AT&T tells Smith it kept its promise, but would not respond when pressed for details about where it had expanded. Self reporting is accepted from the FCC on merger conditions, putting the burden on the public to demonstrate noncompliance -- though most of the public is rarely even aware that such promises were made.

Promises are often littered with loopholes. From the article:

AT&T committed to provide Internet service at minimum speeds that were hardly faster than dial-up, they say, while pledging to deliver “alternative technologies,” including satellite Internet, through as much as 15 percent of its territory. And at the time, satellite Internet was already available through nearly all of BellSouth’s turf, making AT&T’s commitment “utterly meaningless,” said Dave Burstein, editor of the telecom industry publication DSL Prime.

Smith also looks into a 2009 promise made by CenturyLink in order to get approval to buy Ebarq in the South and Midwest. CenturyLink promised to bring wired Internet access to 90% of the population within three years but 87% of those customers already had it. Meeting that commitment was almost meaningless. 

Monopoly Money

But we cannot simply leave the blame at the feet of the FCC or other agencies. Smith details how the gigantic AT&T/BellSouth merger almost fell through, but for the efforts of AT&T's lobbyists. FCC Commissioners received a letter signed by 29 members of Congress - all but two had each received significant contributions from AT&T and BellSouth PACs and PAC employees over three election cycles, according to InfluenceExplorer.com.

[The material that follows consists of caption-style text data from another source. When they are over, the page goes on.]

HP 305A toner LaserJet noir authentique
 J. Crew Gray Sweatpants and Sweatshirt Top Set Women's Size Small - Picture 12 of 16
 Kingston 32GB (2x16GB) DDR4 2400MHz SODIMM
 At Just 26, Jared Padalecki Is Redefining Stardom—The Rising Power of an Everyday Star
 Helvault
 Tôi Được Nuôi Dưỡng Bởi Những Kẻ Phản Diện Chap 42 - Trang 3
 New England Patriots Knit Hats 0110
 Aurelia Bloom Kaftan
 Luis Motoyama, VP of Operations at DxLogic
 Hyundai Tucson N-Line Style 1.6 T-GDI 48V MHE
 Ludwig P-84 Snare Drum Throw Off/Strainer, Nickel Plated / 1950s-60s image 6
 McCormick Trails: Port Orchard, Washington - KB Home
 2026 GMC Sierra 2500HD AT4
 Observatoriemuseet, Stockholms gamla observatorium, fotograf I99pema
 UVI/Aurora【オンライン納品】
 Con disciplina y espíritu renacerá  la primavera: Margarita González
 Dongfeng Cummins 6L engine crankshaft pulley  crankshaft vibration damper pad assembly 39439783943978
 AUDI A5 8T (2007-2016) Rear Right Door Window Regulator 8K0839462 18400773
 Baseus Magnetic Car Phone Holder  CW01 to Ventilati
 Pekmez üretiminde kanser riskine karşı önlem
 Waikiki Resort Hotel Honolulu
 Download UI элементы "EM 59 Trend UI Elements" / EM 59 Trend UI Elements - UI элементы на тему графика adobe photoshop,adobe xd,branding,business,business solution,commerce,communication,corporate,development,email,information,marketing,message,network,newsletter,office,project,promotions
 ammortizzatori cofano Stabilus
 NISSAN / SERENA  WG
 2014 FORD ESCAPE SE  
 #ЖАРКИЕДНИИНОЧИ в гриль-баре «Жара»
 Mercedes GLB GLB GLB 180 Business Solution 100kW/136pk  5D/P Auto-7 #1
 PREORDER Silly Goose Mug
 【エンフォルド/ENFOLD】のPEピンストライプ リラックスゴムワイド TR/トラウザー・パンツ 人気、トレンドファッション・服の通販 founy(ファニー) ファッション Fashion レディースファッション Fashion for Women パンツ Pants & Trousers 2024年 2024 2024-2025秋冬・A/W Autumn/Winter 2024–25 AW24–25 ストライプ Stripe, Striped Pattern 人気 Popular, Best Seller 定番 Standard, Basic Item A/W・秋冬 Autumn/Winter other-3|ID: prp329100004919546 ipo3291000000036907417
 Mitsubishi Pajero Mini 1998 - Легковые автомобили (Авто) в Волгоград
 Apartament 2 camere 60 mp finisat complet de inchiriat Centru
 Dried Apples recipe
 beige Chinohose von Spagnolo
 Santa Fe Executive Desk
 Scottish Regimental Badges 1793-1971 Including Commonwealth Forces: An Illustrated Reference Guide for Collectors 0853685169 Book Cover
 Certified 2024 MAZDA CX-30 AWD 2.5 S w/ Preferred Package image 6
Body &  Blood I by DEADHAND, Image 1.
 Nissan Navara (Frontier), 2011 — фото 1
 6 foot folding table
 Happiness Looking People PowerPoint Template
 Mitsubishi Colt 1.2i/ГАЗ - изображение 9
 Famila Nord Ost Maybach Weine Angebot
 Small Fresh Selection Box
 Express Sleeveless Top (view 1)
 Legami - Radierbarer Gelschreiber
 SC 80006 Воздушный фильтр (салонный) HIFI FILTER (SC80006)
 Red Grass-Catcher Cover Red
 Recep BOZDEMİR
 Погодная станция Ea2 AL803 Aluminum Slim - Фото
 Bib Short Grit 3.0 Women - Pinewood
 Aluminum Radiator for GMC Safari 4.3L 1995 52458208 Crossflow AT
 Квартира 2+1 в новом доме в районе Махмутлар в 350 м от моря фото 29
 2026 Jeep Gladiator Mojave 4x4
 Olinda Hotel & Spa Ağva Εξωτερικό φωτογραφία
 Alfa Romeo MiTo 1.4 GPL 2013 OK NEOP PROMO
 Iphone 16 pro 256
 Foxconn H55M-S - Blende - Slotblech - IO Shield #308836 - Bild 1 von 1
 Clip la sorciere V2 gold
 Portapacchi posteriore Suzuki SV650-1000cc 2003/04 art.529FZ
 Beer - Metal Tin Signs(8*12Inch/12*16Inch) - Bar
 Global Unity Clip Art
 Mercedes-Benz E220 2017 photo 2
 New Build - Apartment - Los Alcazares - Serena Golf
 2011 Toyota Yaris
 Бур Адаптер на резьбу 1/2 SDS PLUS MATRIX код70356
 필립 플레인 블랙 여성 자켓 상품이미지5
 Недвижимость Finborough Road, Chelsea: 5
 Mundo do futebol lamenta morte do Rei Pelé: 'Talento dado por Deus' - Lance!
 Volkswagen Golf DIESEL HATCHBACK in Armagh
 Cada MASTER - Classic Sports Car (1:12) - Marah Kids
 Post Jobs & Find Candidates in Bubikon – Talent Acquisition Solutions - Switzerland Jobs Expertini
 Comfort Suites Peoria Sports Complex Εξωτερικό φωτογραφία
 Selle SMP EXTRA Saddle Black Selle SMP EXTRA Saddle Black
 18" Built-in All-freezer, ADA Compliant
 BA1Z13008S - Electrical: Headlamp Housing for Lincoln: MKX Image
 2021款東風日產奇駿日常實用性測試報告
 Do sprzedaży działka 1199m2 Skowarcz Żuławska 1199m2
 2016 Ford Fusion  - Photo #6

When the deal was finally approved, expectations were high:

AT&T had made “real, tangible, and important broadband commitments” and there would be “no exceptions for sparsely populated areas,” Copps said at the time.

AT&T’s commitment “will only further encourage the deployment and adoption of broadband networks into yet unserved or underserved areas,” Chairman Kevin J. Martin and Commissioner Deborah Taylor Tate said back then.

The 2006 CEO, Ed Whitacre, doubled his salary to $31 million, stock price almost doubled, and $5 billion in dividends went out to investors. The following year, stock went up another 16% and the company paid another $8.7 billion in dividends. Clearly, AT&T reaped the rewards for making promises, but it is equally clear that they also reaped rewards for breaking promises. Even 2006 backers of the deal now realize AT&T has not lived up to its commitment:

“It gives me heartburn,” said Tyrone Ellis, who as chairman of Mississippi’s public utilities committee in 2006 wrote to the FCC to urge approval of the deal, citing the promise of rural broadband throughout AT&T’s territory. “They didn’t follow through. But I don’t have the power to force their hand. The FCC does.”

Meanwhile in Mississippi, Wiggins and his neighbors sit on the unfortunate side of the digital divide. Looking for a full time position, paying bills, conducting business, public safety, and the ability to communicate with loved ones are all hampered by the lack of anything beyond dial-up or expensive satellite.

lFCC Logo

For years now, the FCC and other agencies have allowed harmful consolidation while failing to attach meaningful conditions. We just examined how Comcast gamed the FCC to take over NBC -- the public gained practically nothing in allowing a massive company even more market power. 

The problem with such massive companies is not just that they can squash competition and raise prices with impunity. Their scale and dominance allows them to shape how the entire industry is regulated by the public. They buy legislation in DC and state capitals with near-impunity. They slow innovation, harming the economy. 

Communities are smart to depend on themselves for essential infrastruture, not promises from distant mega-corporations.